A human being should never stop thinking. It is the only shield against barbarism. Action and words are the two conveyors of freedom. If he stops to think, every human being can act as a barbarian.

(Hannah Arendt : The banality of evil.)

It was on April 16, 2017. In Marseille.

Sitting facing the sea, enjoying the last rays of sunshine of the day, I was procrastinating and dithering on wether or not I would go "all the way up" to the Friche Belle de Mai to discover the exhibition Antoine de Galbert and Paula Aisemberg had urged me to see. It is therefore with a sense of obligation that I started walking towards the exhibition, convinced I would « be done » in 20 minutes and that my visit would confirm my rather mixed first impression, an opinion based on images I’d seen on the web.

I came out an hour and twenty minutes later, wiped out and overwhelmed. Whipped out by the « the story » of course, of this young Roma girl who, after hiding out with her family, was arrested at the age of ten and sent off to Nazi concentration camps (Auschwitz, Ravensbrück and finally Bergen-Belsen), surviving them, and who then decided, 45 years later, to convey to the world the testimony of the Roma genocide (on the 700 000 European Gypsies, between 300 and 500 000 perished). And overwhelmed as well because I was facing an œuvre, a multi-cut diamant altogether black, eerie, sad, dreadful and at the same sublime, filled with hope and radiant.

Therefore, coming out of the show (thanks should be given to its curator Xavier Marchand), my doubts regarding wether or not I should represent Ceija Stojka’s work were still there, only they had shifted. Convinced as I was of the extraordinary nature of the work, I was reflecting upon the pertinence and more precisely « the right » to introduce drawings, gouaches, paintings in an art gallery and then turn them into a « matter of trade ». Beyond the fact that Ceija herself sold some of her works while she was alive, how should I conceive my role if, in agreement with her son Hodja and her daughter in law Nuna, I decided to show her work at the gallery ? What am I allowed to say ? What am I not allowed to do ? What must I say ? What must I do ? It is in this continuous back and forth between right on one side and duty or obligation on the other that I spent the following two weeks reflecting.

The notion of duty takes precedence over that of right which is subordinated and relative to it, Simone Weil wrote.

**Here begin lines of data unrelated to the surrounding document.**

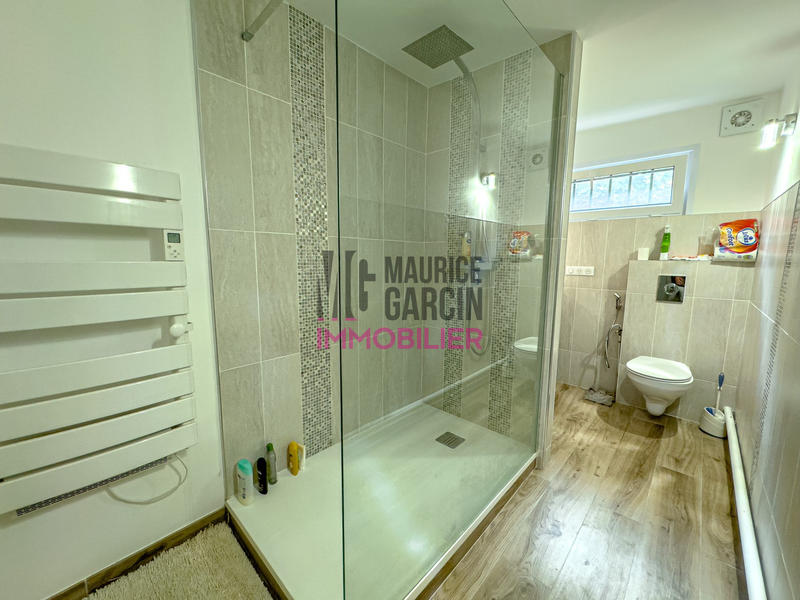 Maison - 136 m² - 6 pièces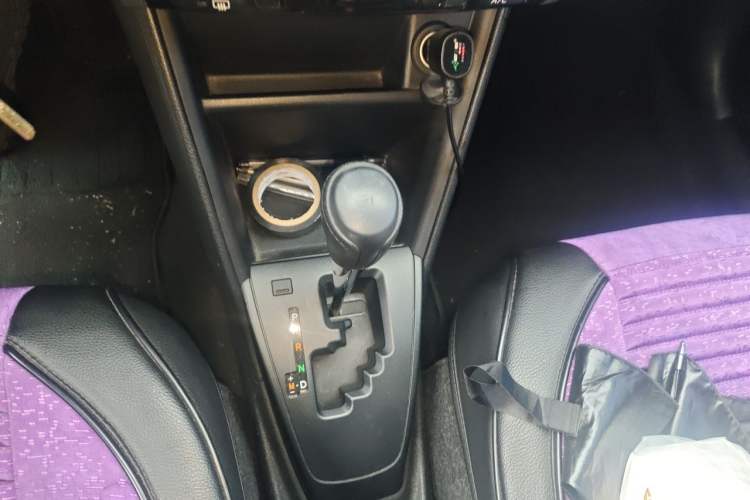 Used Toyota Vios 2017 1.5L CVT Innovation Edition Gear Lever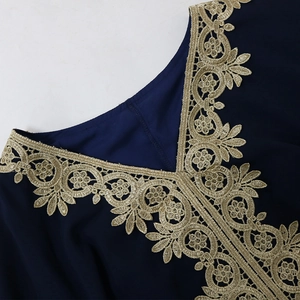 Détail du col en V avec broderie dorée sur robe caftan marocaine bleu marine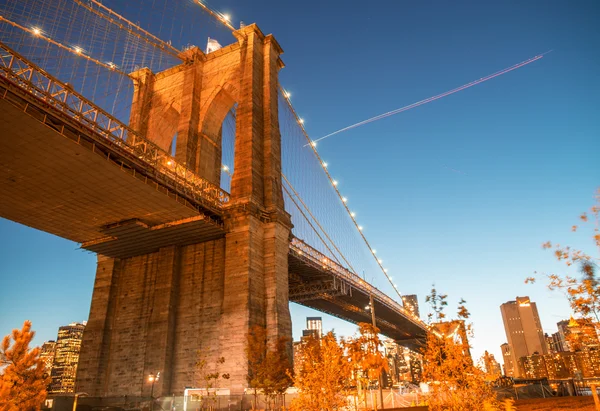 New york city. berömda landmärke av brooklyn bridge — Stockfoto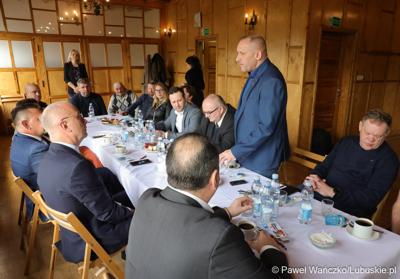 Marszałek województwa lubuskiego Marcin Jabłoński i posłanka Krystyna Sibińska spotkali się z rzemieślnikami w siedzibie Cechu Rzemiosł Różnych i Przedsiębiorców w Międzyrzeczu. 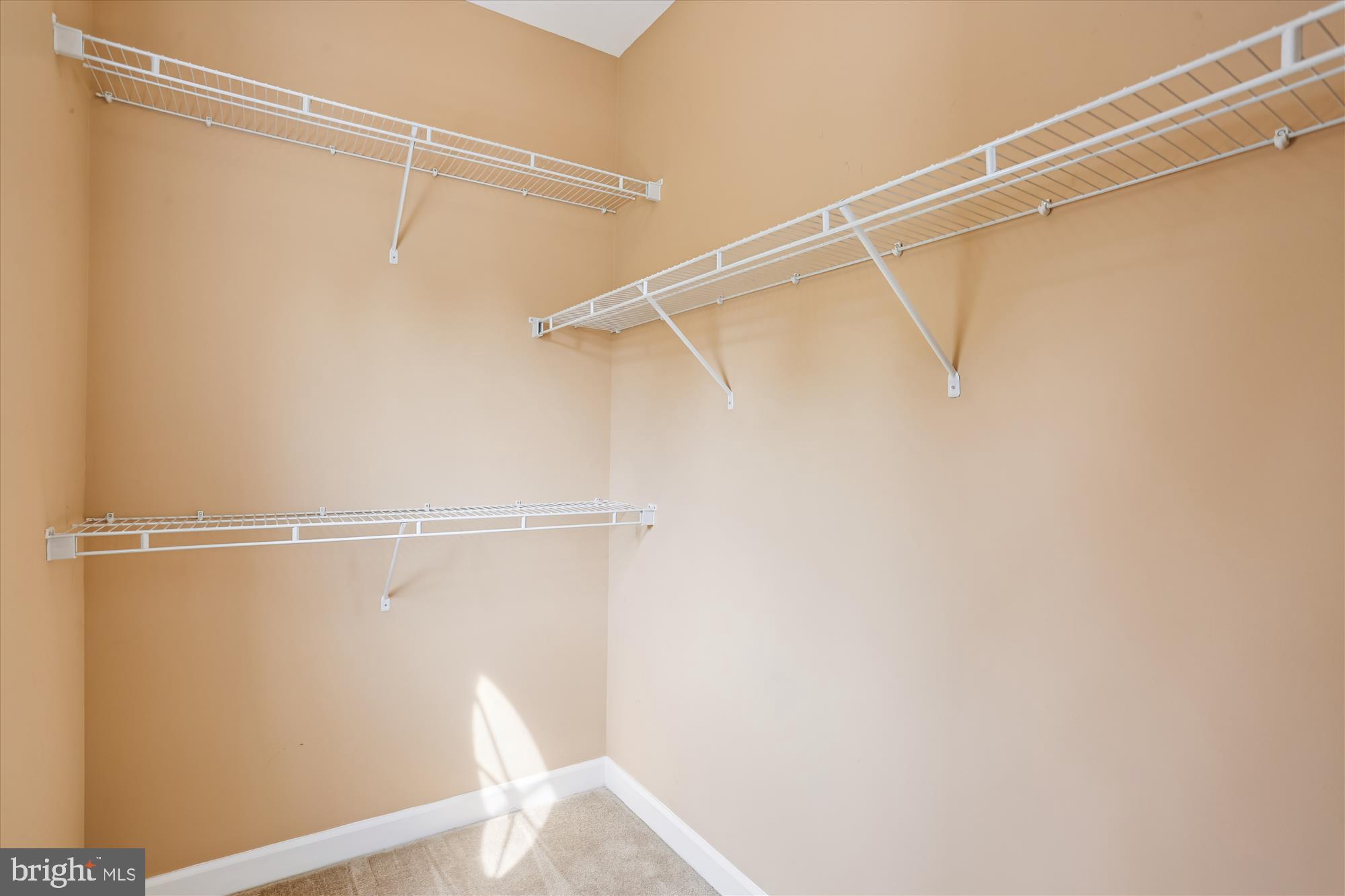 HIDDEN CREEK - Residential Lease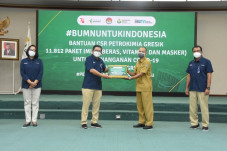 Bantuan 11.812 Paket...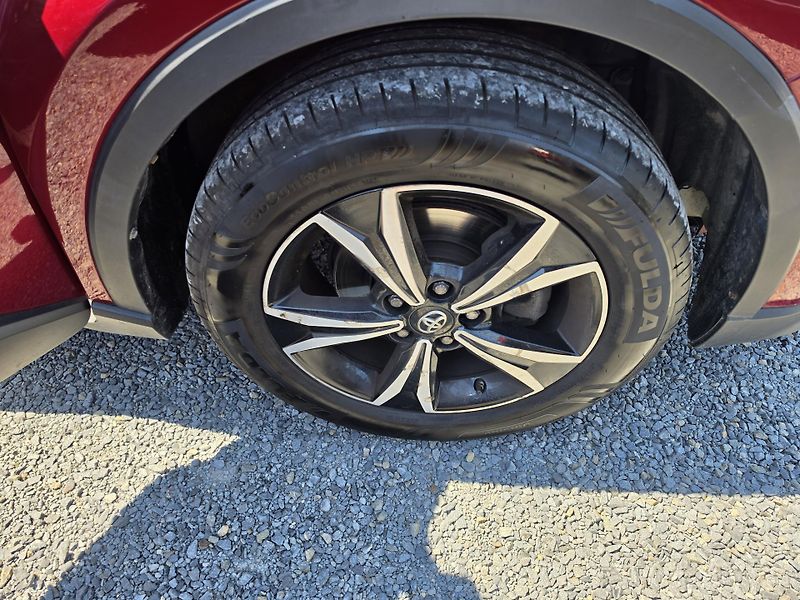 Toyota C-HR 1.2 T Navigace Park Senzor  - fotka 7 z 26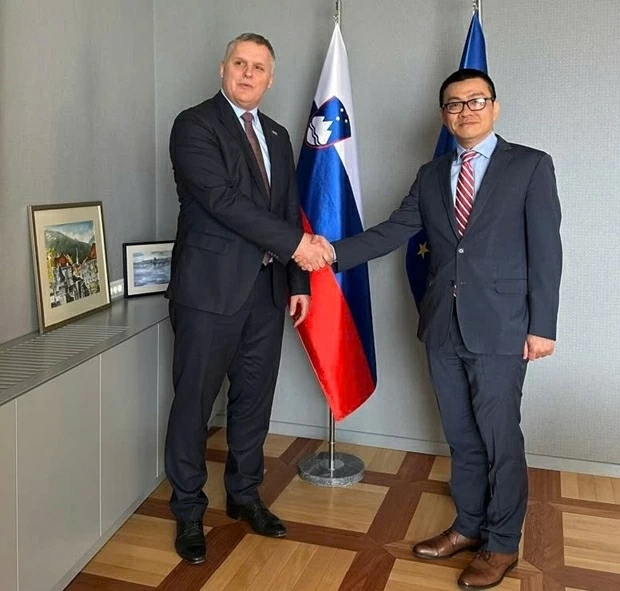 Đại sứ Việt Nam tại Áo và Slovenia Vũ Lê Thái Hoàng đã gặp, làm việc với Bộ trưởng Môi trường, Khí hậu và Năng lượng Slovenia, ông Bojan Kumer; thăm và làm việc với Tổng Giám đốc Nhà máy điện hạt nhân Krško.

A right has no efficiency in itself but only in regards to the duty it refers to… This duty is eternal. It answers to the eternal destiny of mankind.

To have an art gallery is to believe we have a responsibility and an influence (however small) on the world that surrounds us, that we act as passers-on. To be the gallerist of Ceija Stojka’s work is to say that we too can try to carry on this message she fought to convey. A dreadful and unbearable testimony but also the account of an incredible power of resilience. As if, through her work, the art of Kintsugi was reborn, this traditional Japanese art that consists in putting back together a broken object by highlighting its scars with gold instead of hiding them.

To see Ceija’s work is to experience (in relative terms of course) the undertaking of the destruction of men by men, the horror of the world. An experience lived through the eyes of the child she was and miraculously remained when she decided to paint and draw the unthinkable.

For even words, undoubtedly, weren’t enough.

Ceija Stojka was born in Austria in 1933, the fifth child out of six in a family of Roma horse merchants. Deported at the age of ten with her mother Sidonie and other members of her family, she survived to three concentration camps, Auschwitz, Ravensbrück and Bergen-Belsen.

It is only forty-five years later, in 1988, at the age of fifty-five, that she felt the need and the necessity of speaking about it ; it is the start of an incredible memory work and, even-though considered as illiterate, she writes several poignant books, in a very poetic and personal style, which will make her the first Roma female survivor to account for her experience in the Nazi death camps, against oblivion and denial, against endemic racism.

Her testimony doesn’t end with the texts she will publish (4 books in total between 1988 and 2005), which very quickly award her a role as a pro-Roma activist in the Austrian society. In the 1990’s she starts to paint and draw, while in this field too, she is self-taught. She devotes herself to it body and soul, until her death in 2013. Her body of work, paintings and drawings, created over about 20 years, on paper, cardboard or canvas, reckons about one thousand works. She was exhibited in Germany, Austria, and recently at La Friche Belle de Mai, Marseille and La maison rouge, Paris.